◆ Exercise details ◆
Using the entries that follow, write out the line containing "TEAM JUNGKOOK TH tweet media", the line containing "NISSAN QASHQAI J12", and every line between them, exactly and nothing else.

-- -- --

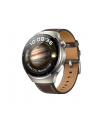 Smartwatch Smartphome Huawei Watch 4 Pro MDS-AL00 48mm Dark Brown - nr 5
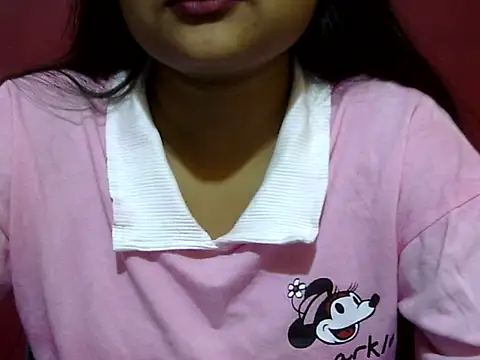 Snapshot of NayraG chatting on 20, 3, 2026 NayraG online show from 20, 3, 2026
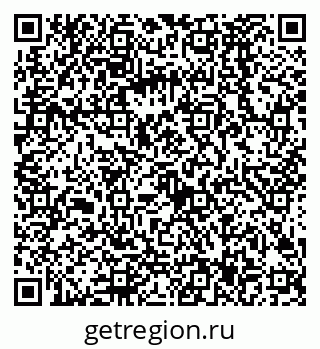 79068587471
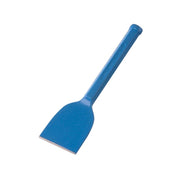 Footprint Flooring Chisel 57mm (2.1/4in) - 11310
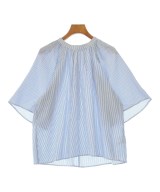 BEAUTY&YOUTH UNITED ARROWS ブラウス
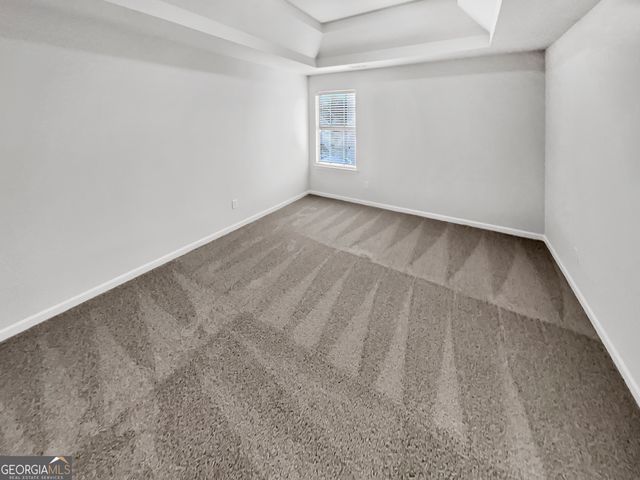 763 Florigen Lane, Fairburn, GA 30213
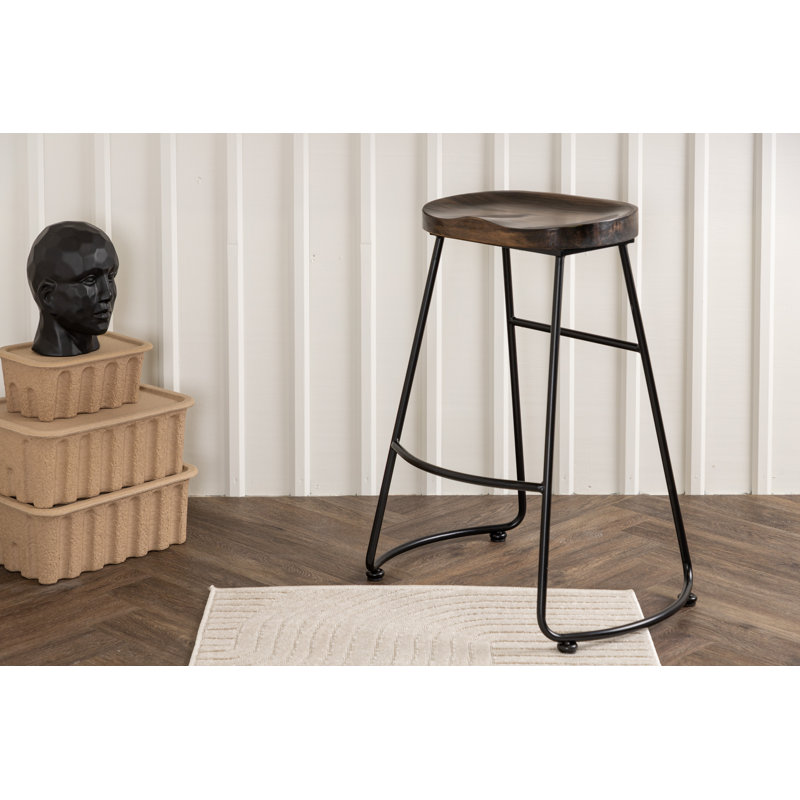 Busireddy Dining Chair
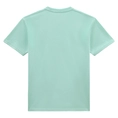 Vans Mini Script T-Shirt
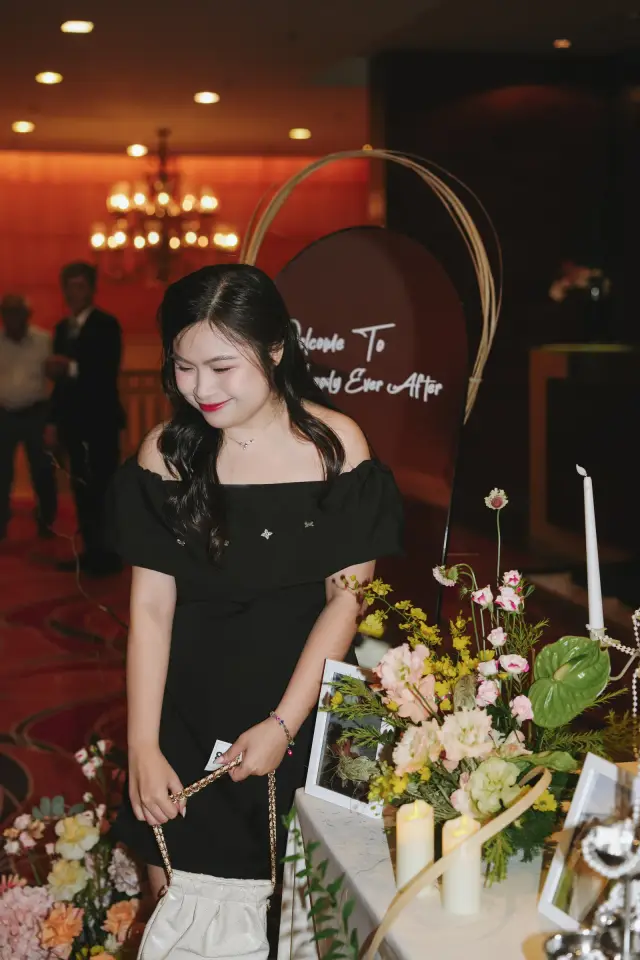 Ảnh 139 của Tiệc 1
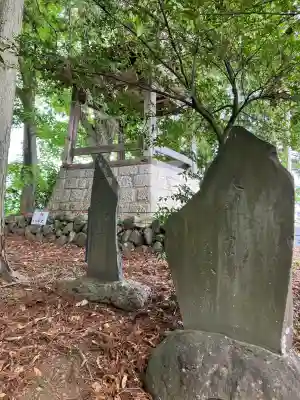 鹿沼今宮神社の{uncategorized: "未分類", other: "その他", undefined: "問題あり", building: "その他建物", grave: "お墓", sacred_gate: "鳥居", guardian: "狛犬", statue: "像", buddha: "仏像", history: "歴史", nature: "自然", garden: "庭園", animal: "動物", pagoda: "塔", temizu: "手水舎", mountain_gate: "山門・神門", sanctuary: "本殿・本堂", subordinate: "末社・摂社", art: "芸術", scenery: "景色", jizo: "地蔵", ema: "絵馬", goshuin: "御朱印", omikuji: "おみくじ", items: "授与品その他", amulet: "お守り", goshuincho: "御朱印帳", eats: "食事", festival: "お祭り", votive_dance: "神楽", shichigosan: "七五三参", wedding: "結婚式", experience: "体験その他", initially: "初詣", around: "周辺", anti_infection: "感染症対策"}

-- -- --

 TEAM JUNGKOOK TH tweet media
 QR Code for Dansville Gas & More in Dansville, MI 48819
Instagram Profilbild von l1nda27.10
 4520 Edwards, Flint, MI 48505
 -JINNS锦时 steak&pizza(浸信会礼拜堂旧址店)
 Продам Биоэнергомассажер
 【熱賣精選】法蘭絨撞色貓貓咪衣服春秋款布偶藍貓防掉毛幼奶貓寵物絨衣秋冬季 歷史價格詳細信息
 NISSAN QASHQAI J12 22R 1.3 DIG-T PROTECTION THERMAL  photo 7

-- -- --

◆ Answer box ◆
 TEAM JUNGKOOK TH tweet media
 QR Code for Dansville Gas & More in Dansville, MI 48819
Instagram Profilbild von l1nda27.10
 4520 Edwards, Flint, MI 48505
 -JINNS锦时 steak&pizza(浸信会礼拜堂旧址店)
 Продам Биоэнергомассажер
 【熱賣精選】法蘭絨撞色貓貓咪衣服春秋款布偶藍貓防掉毛幼奶貓寵物絨衣秋冬季 歷史價格詳細信息
 NISSAN QASHQAI J12 22R 1.3 DIG-T PROTECTION THERMAL  photo 7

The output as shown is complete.